While meeting Myanmar’s state counsellor Aung San Suu Kyi, the two also had a meeting with general Hlaing. The visiting indian army chief had separately met general Soe Win, deputy commander-in-chief.
 
“The two sides discussed maintenance of security and stability in the border areas and reiterated their mutual commitment now to allow their respective territories to be used for activities inimical to each other,” the press statement issued at the end of the visit had maintained.
 
As this hints towards India’s effort to tackle insurgency in the northeast region, China’s move to hurt India’s interests in the border areas has mounted an extra tension on the country’s security apparatus. China is building more than three villages close to the Bum La Pass which is a border point between Tibet Autonomous Region’s Cona County and India’s Tawang district in Arunachal Pradesh.
 
Taking place close on the heels of China establishing a village within two kilometres of Bhutan’s territory and close to Doklam, which was the site of a tense standoff between Chinese and Indian soldiers in 2017, such developments have alarmed military and strategic experts in India.
 
“China’s strategy of settling Han Chinese along the India border is likely to escalate its border intrusions, which rose 56 percent in 2017. Like it did in the South China Sea, China uses civilian resources—Han herders and grazers—as the tip of the spear to intrude,” Brahma Chellaney said.
 
It is seen as a part of China’s ‘Salami Slicing’ strategy in which it takes over territory of other countries in a very gradual manner. It is the only country which has been expanding its territory at the expense of its neighbours and this expansion has taken place in both territorial and maritime regions.
 
In the 1950s, it acquired Tibet and annexed Xinjiang under its ‘Salami Slicing’ strategy, while it captured Aksai Chin in the same decade, claiming it was part of the ancient and medieval Chinese empire. Similarly in the 1970s, it forcibly occupied Parcel Islands, which are part of the South China Sea, from Vietnam.
 
Under its strategy of ‘Salami Slicing’ (a term coined by Hungarian communist politician Matyas Rakosi in the 1940s), China adopts a peculiar modus operandi: it first lays claim on a territory and keeps repeating its claim on all bilateral, multilateral platforms and all possible occasions.
 
Through its dailies, digital platforms, television channels and social media platforms, it launches a propaganda disputing the claim of the other country to such an extent that the territory in question is recognized as disputed. It does so to pressurise the other country. When this doesn’t work, China uses its military and diplomatic might to gain a part of it.

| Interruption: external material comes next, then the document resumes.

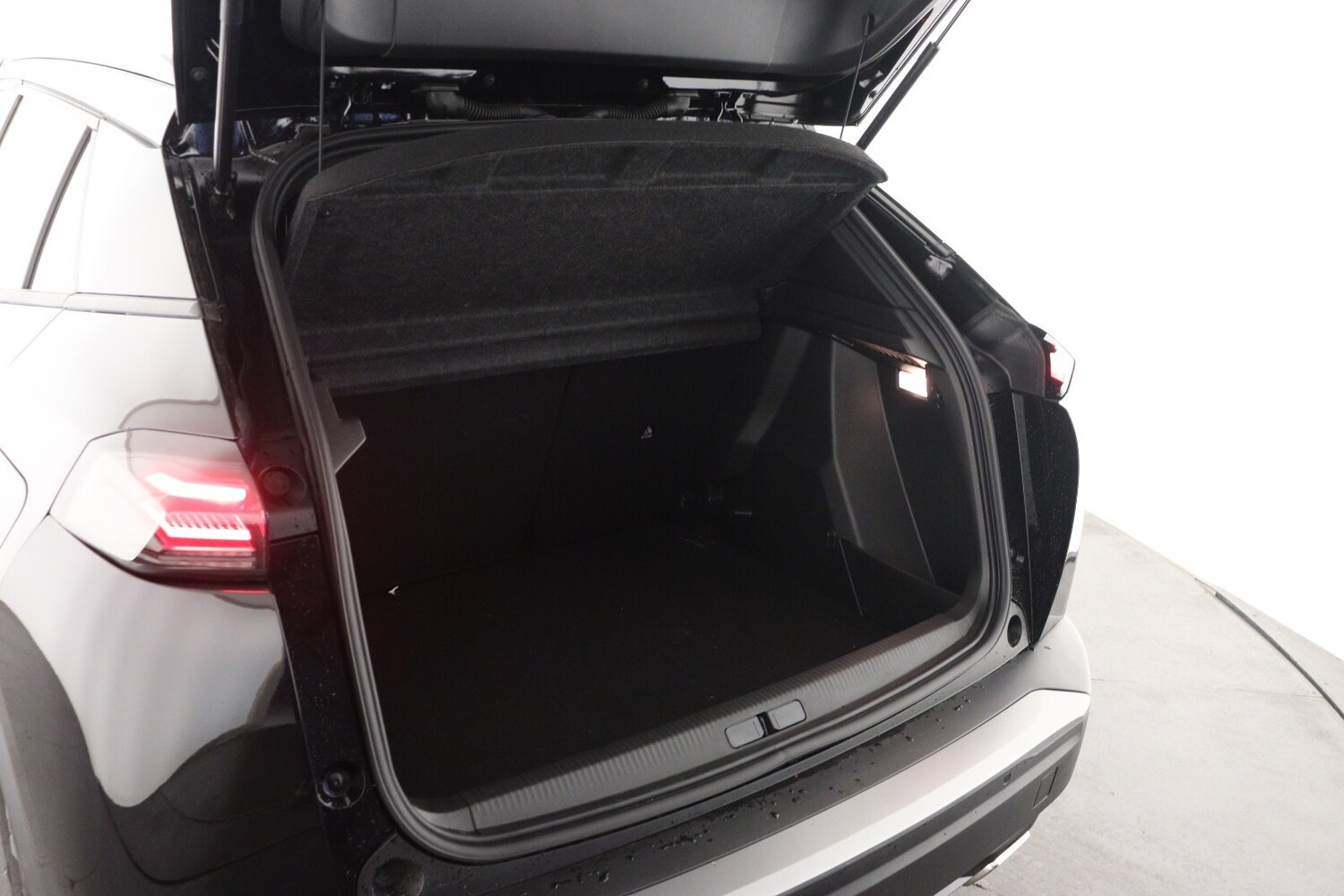 Used Peugeot 2008 2025 for sale - 76146245: Photo 9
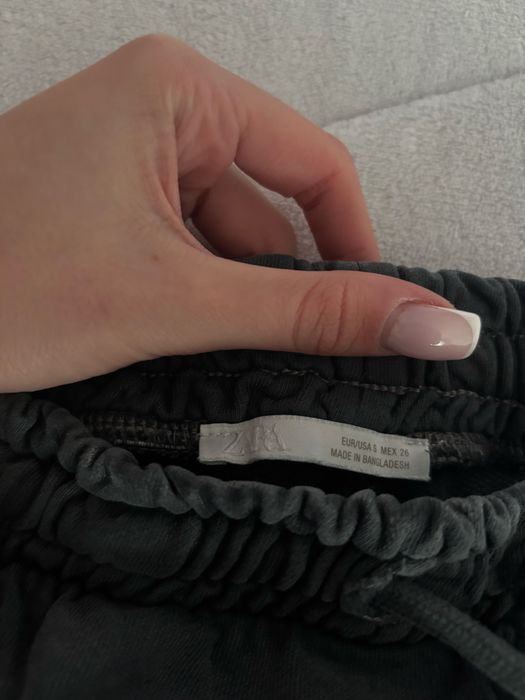 Панталон от Zara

Experts see China enacting a similar kind of strategy on the Line of Actual Control in order to possess Indian or Bhutanese territories.
 
It has established these villages at the time when it is engaged in a bitter standoff with India in eastern Ladakh. To buttress its claim over Indian territory, first of all, it doesn’t recognize the McMahon line proposed by British administrator Henry McMahon at the July 3, 1914 Simla Convention which was signed between Tibet and India. Then Chinese maps, under ‘Salami Slicing’ strategy continue to show 65,000 square kilometres of territory south of the line as being a part of Beijing’s South Tibet Region.
 
But once bitten twice shy Indians are quite familiar with China and its intentions; at no point are they going to lower their guards in their dealing with Beijing.